The `subs` dataframe looks like the following:

```{r echo=FALSE, warning=FALSE}
DT::datatable(as.data.frame(subs), class="compact stripe hover", options=list(scrollX=TRUE))
```

<!--
### Phasing with germline variants

```{r}
# not implemented yet
```
-->

Fusion genes from RNA-seq
-------------------------

### Reading a fusion VCF

First we want to read the fusion genes from a combined `vcf` file like the one produced by
the [`rnafusion` NF-core pipeline](https://nf-co.re/rnafusion/):

```{r}
vr2 = readVcfAsVRanges(fusion_vcf_file) |>
    filter_fusions(min_reads=2, min_split_reads=1, min_tools=1)

seqlevelsStyle(vr2) = "UCSC"
```

Here, we are using the following filters:

* `min_reads = 2` -- the fusion needs to be supported by 2 split or pair distance reads
* `min_split_reads = 1` -- the fusion needs to be supported by at least one split read
* `min_tools = 1` -- the fusion needs to be reported by at least one tool

### Annotating fusion genes

Next, we subset the peptide context analogous to the SNPs:

```{r}
fus = annotate_fusions(vr2, ens106, asm) |>
    subset_context_fusion(15)
```

The `fus` table then looks like the following:

```{r echo=FALSE}
DT::datatable(as.data.frame(fus), class="compact stripe hover", options=list(scrollX=TRUE))
```

Generating the Minigene Library
-------------------------------

### Tiling cDNAs of interest into smaller peptides

```{r}
tiled = make_peptides(subs, fus) |>
    pep_tile() |>
    remove_cutsite(BbsI="GAAGAC")
```

The `tiled` peptide table looks like the following:

```{r echo=FALSE}
DT::datatable(tiled, class="compact stripe hover", options=list(scrollX=TRUE))
```

### Saving the report file

We can then combine our generated tables into a report save it with e.g. the
`writexl` package.
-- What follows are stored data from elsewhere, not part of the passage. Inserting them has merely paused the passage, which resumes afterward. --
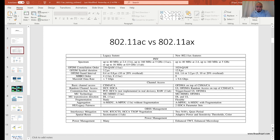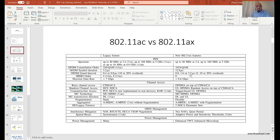MIMO order: with 802.11n we had up to 4x4, AC went up to 8x8, and AX is still the same — all the way up to 8x8. There are really no real clients with eight antennas, so you're typically talking about 2x2 clients. With eight transceivers and eight antennas you should be able to support eight spatial streams.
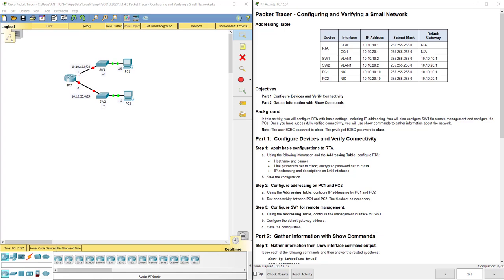Hello everyone, this video walks through completing Packet Tracer assignment 1.1.4.5 configuring and verifying a small network. This video is part of the Cisco Routing and Switching Essentials version 6 curriculum. This particular Packet Tracer is kind of a review from the first Introduction to Networks class.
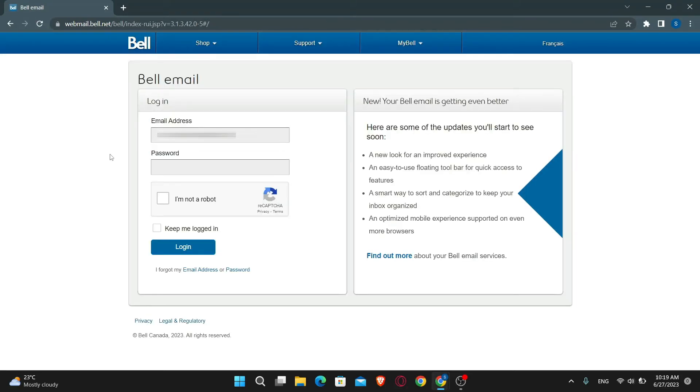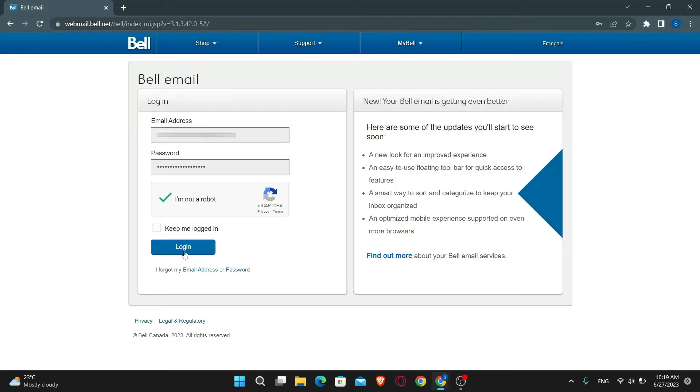This will now directly take you to the login site for Bell email. Go ahead and type in your email address followed by your password. Then click on I'm not a robot to verify your identity. Finally, click on the login button and you will be logged in to your account with Bell email.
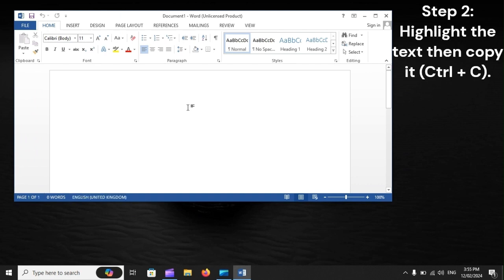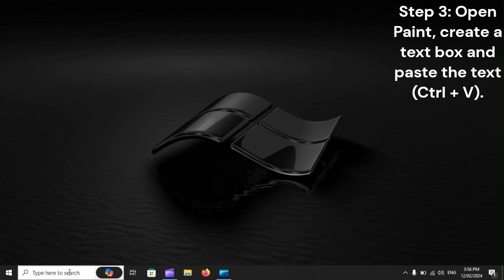Step 2: Highlight the text, then copy it. Ctrl+C.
We can include all tables listed above:

```{r eval=FALSE}
report = make_report(ann, subs, fus, tiled)
writexl::write_xlsx(report, "report_file.xlsx")
```
```{r echo=FALSE}
report = make_report(ann, subs, fus, tiled)
```

This `.xlsx` file will contain the different tables as sheets. We will use it 
as an annotation file in the quality control and screen steps.